Keep the lines exact and the pictures out as you repeat the following listing.

Collected material
·····
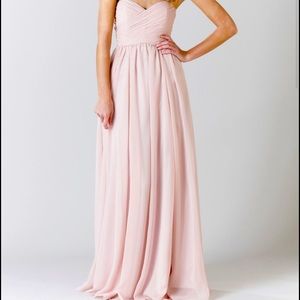 DAVIDS BRIDAL BRIDESMAID DRESS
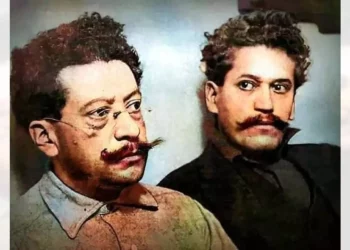 El profesor mazateco Filemón Hernández Gutiérrez cuestionó el uso político de la memoria de Ricardo, Jesús y Enrique Flores Magón.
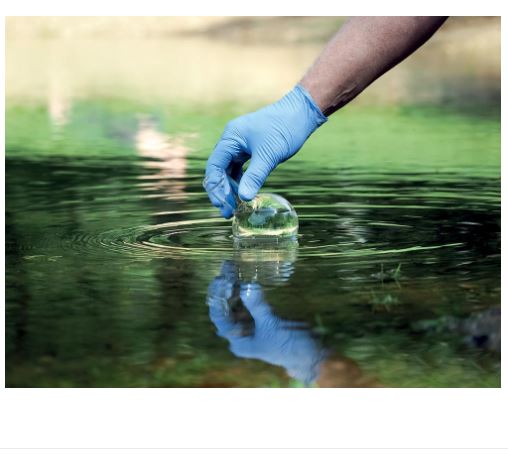 Prélèvement et analyses d’eaux et de boues en réponse à vos contraintes réglementaires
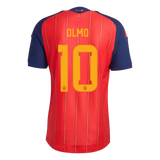 Olmo 10 - Spain Home World Cup 2026 - Player Version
·····
Solution for this exercise
 DAVIDS BRIDAL BRIDESMAID DRESS
 El profesor mazateco Filemón Hernández Gutiérrez cuestionó el uso político de la memoria de Ricardo, Jesús y Enrique Flores Magón.
 Prélèvement et analyses d’eaux et de boues en réponse à vos contraintes réglementaires
 Olmo 10 - Spain Home World Cup 2026 - Player Version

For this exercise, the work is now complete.